#### [EXERCISE GOAL]
Pictures excluded, reproduce exactly the lines below from the one with "galleriahomes.com" through the one with "Used International 5488", both included.

#### [GIVEN DATA]
◇ ◇ ◇ ◇

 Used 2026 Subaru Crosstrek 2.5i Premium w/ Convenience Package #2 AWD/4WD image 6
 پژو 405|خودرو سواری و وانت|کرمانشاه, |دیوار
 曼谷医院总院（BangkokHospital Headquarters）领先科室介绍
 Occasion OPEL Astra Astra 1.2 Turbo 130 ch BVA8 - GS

◇ ◇ ◇ ◇

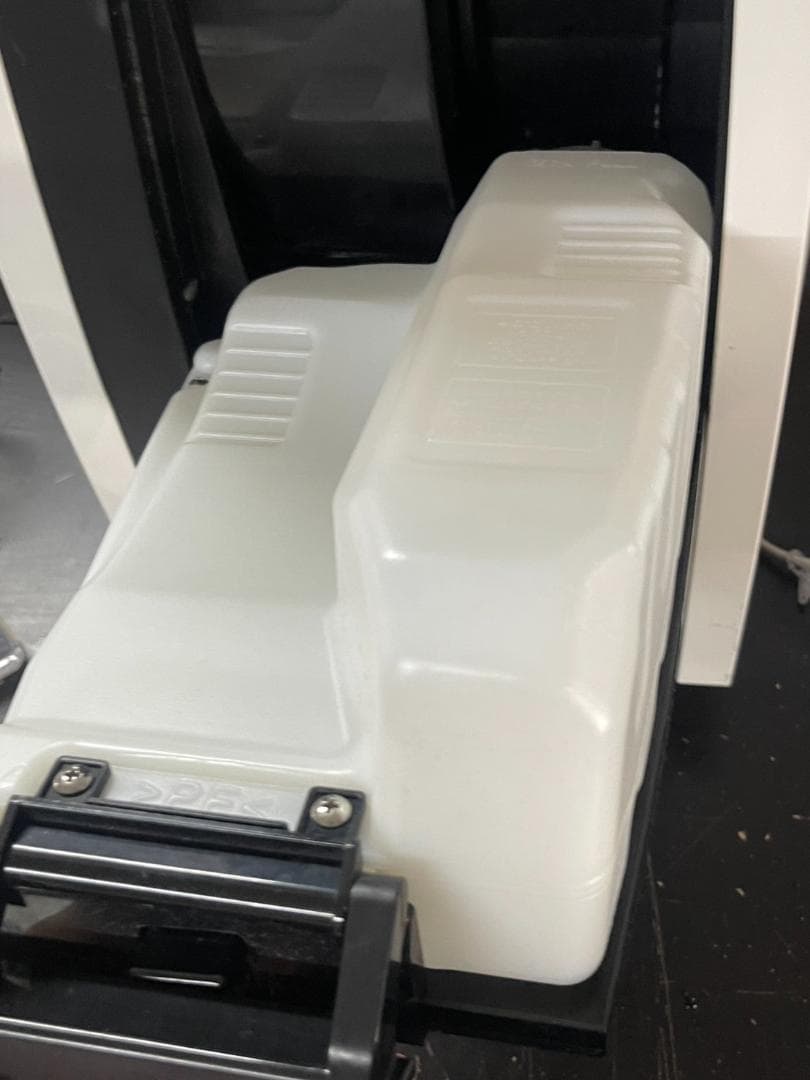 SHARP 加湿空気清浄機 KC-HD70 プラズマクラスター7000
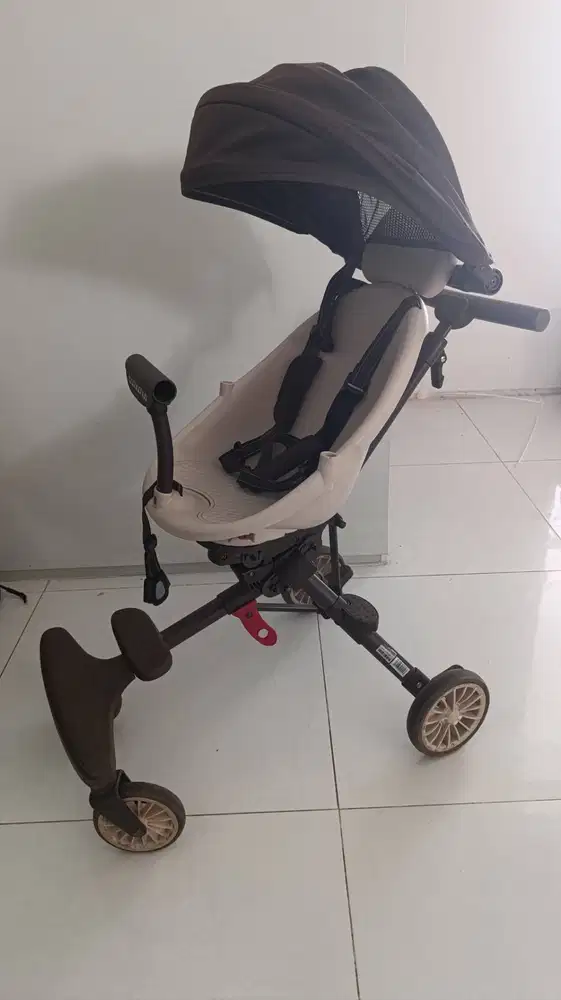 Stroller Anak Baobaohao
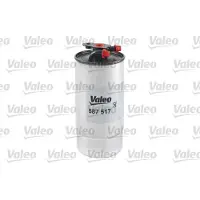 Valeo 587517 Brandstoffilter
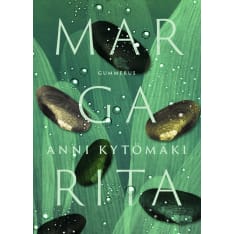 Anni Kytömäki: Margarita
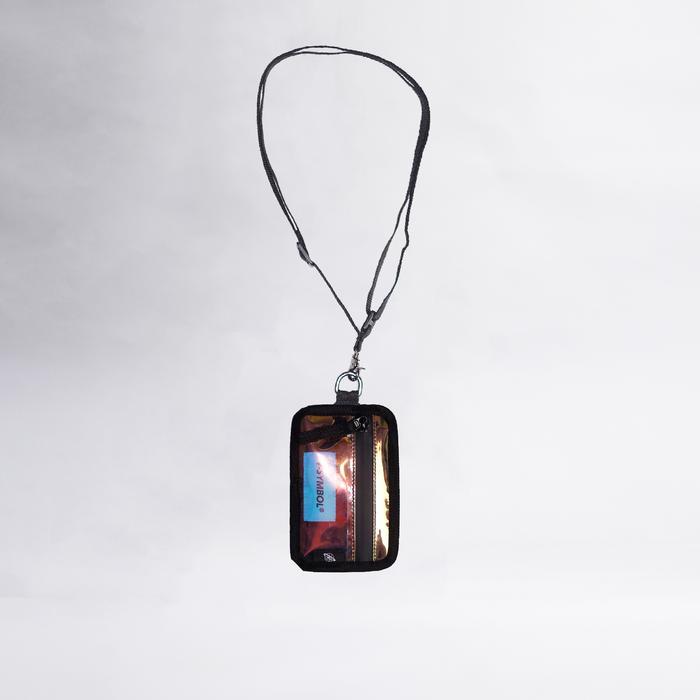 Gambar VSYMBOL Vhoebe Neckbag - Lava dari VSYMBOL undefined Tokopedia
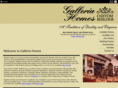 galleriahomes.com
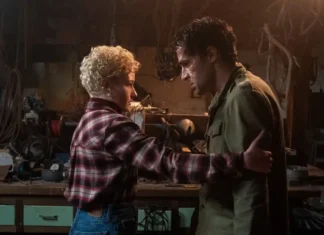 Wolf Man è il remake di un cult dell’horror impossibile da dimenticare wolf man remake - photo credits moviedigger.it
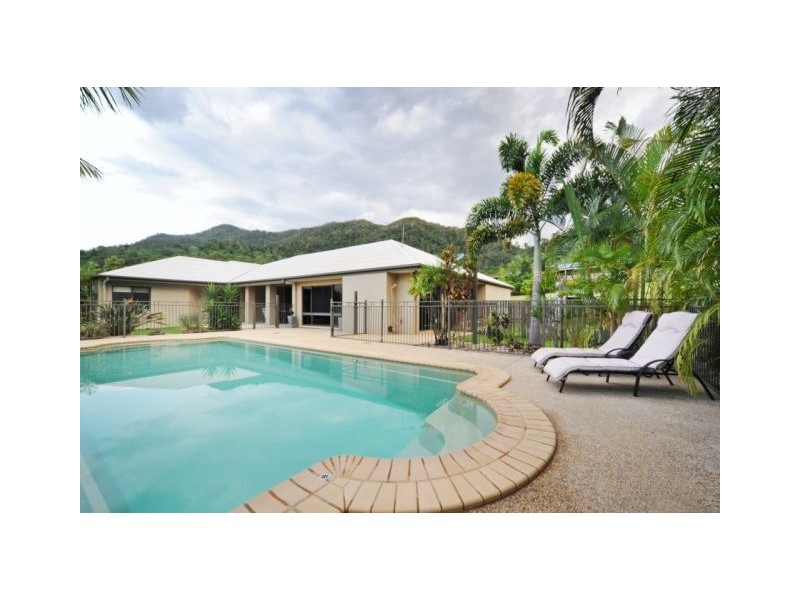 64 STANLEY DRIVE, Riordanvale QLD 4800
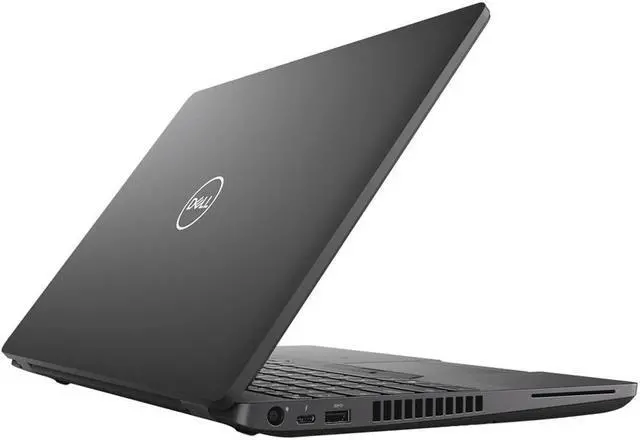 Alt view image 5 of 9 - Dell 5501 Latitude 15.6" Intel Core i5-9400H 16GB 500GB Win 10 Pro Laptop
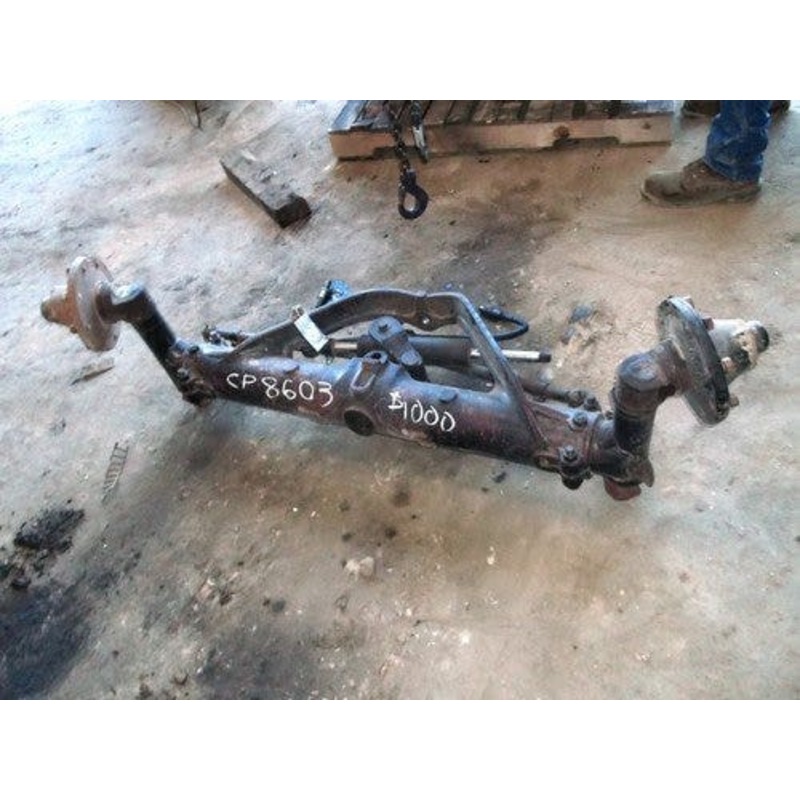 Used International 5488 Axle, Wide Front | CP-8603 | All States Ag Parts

◇ ◇ ◇ ◇

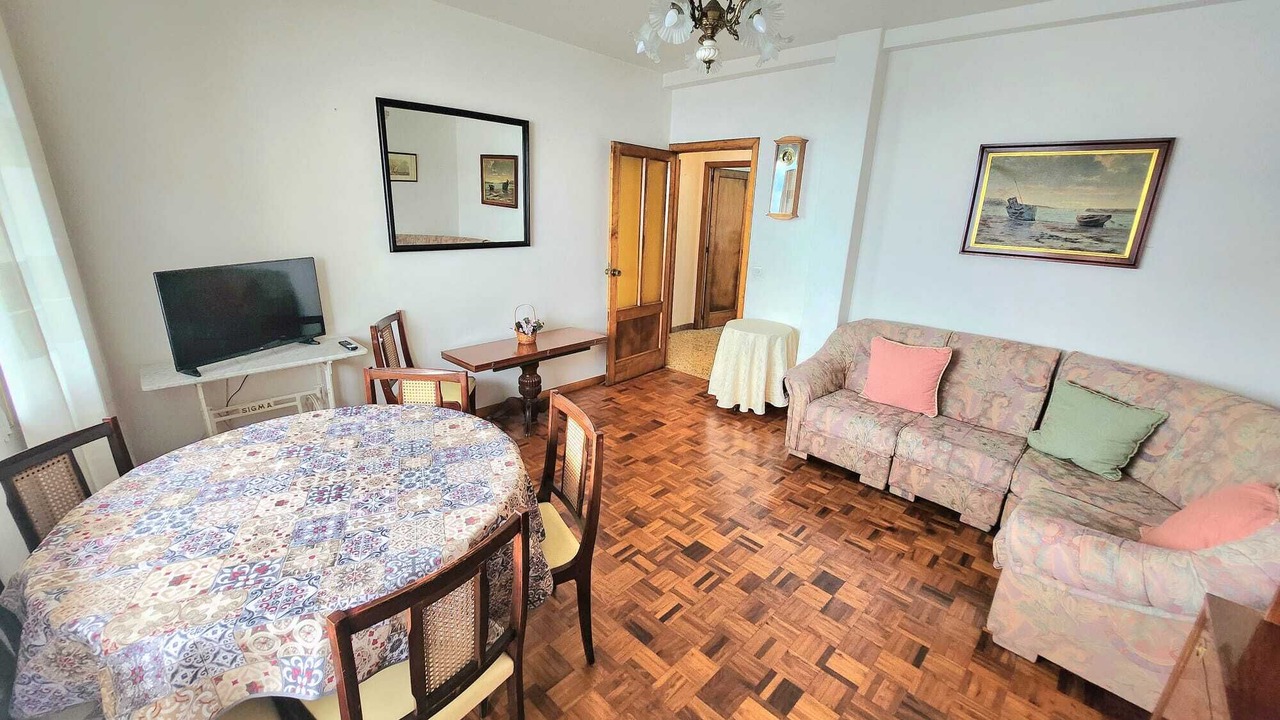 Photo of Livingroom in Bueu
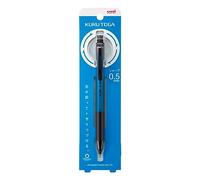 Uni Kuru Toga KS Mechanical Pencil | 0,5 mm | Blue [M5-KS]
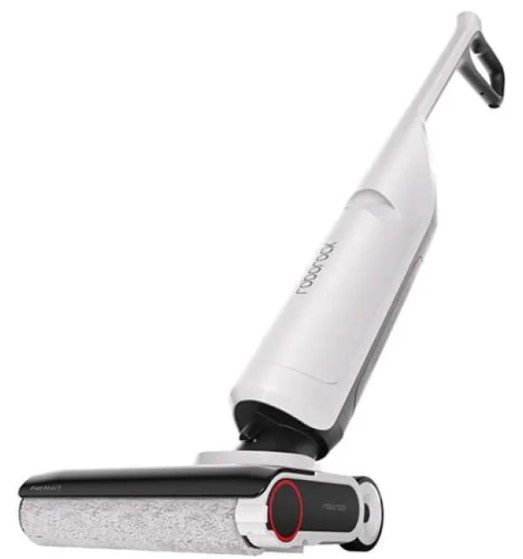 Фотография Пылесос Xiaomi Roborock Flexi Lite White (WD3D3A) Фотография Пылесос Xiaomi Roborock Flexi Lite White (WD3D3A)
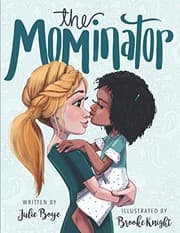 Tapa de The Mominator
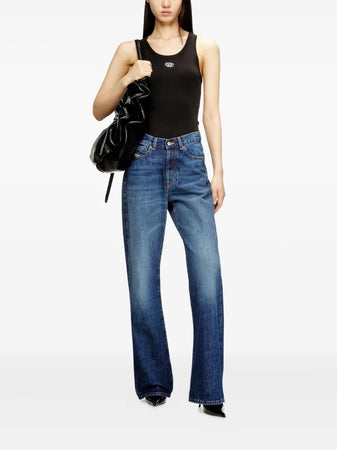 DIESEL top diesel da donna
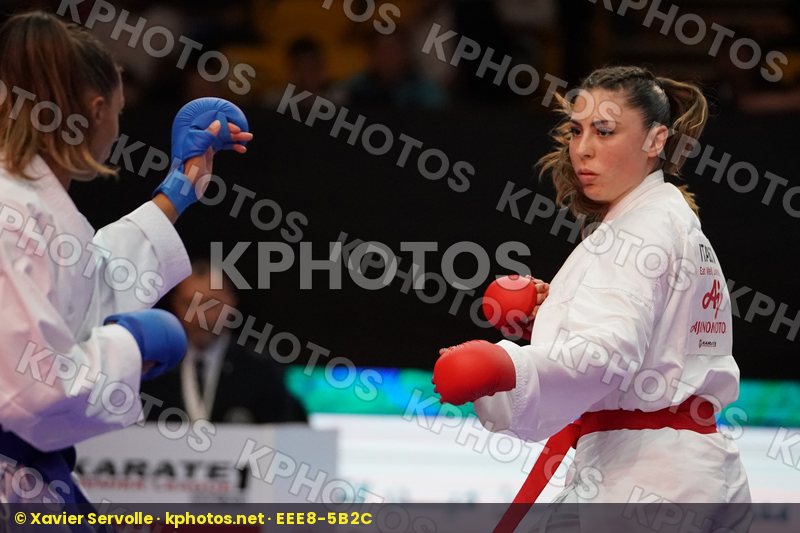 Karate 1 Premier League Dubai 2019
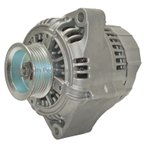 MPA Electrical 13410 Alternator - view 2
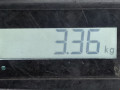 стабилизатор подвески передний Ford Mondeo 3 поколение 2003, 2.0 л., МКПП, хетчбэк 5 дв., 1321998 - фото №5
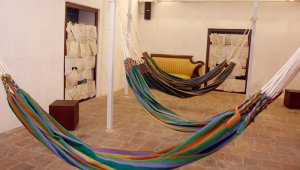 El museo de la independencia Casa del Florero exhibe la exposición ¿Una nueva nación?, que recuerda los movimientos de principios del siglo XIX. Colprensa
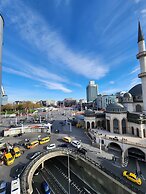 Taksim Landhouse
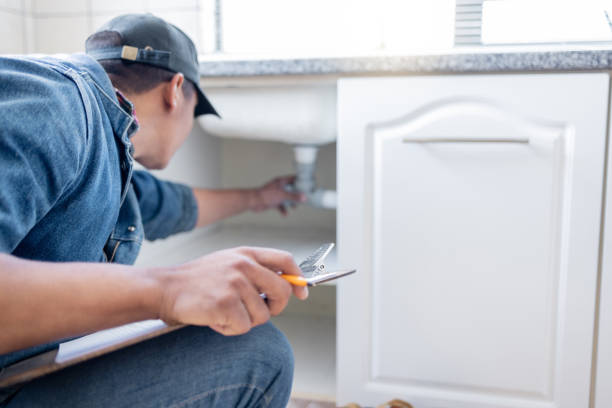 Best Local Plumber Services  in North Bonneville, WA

◇ ◇ ◇ ◇

#### [ANSWER TO THIS EXERCISE]
 galleriahomes.com
 Wolf Man è il remake di un cult dell’horror impossibile da dimenticare wolf man remake - photo credits moviedigger.it
 64 STANLEY DRIVE, Riordanvale QLD 4800
 Alt view image 5 of 9 - Dell 5501 Latitude 15.6" Intel Core i5-9400H 16GB 500GB Win 10 Pro Laptop
 Used International 5488 Axle, Wide Front | CP-8603 | All States Ag Parts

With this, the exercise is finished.